(PROVIDED INFORMATION Opens)
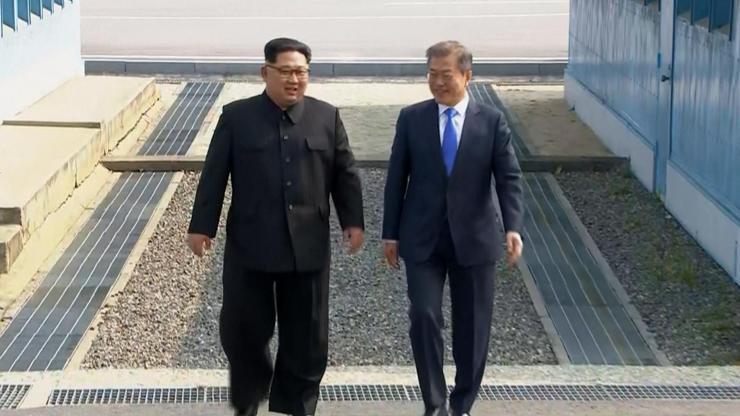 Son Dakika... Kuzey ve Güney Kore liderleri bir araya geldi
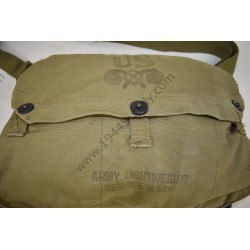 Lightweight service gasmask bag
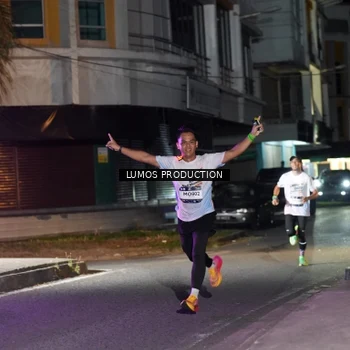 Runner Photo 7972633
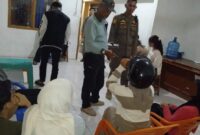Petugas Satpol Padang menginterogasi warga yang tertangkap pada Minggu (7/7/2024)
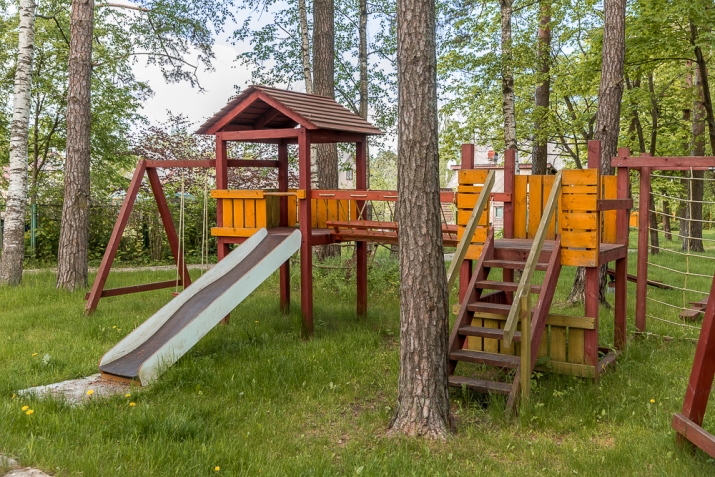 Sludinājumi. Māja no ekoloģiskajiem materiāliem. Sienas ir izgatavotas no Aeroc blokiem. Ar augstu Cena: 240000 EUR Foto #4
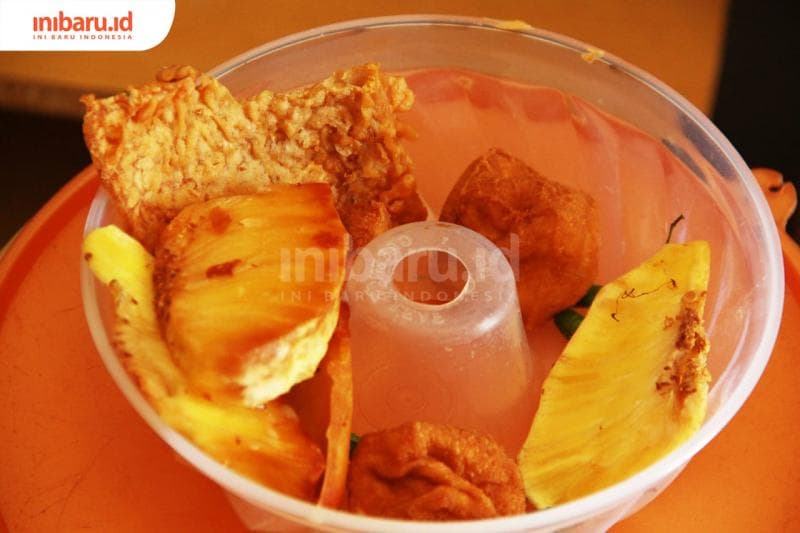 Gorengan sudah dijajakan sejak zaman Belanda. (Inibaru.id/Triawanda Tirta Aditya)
(PROVIDED INFORMATION Closes)
Retype the data exactly; images stay out.

OUTPUT FOR THIS EXERCISE =
 Son Dakika... Kuzey ve Güney Kore liderleri bir araya geldi
 Lightweight service gasmask bag
 Runner Photo 7972633
Petugas Satpol Padang menginterogasi warga yang tertangkap pada Minggu (7/7/2024)
 Sludinājumi. Māja no ekoloģiskajiem materiāliem. Sienas ir izgatavotas no Aeroc blokiem. Ar augstu Cena: 240000 EUR Foto #4
 Gorengan sudah dijajakan sejak zaman Belanda. (Inibaru.id/Triawanda Tirta Aditya)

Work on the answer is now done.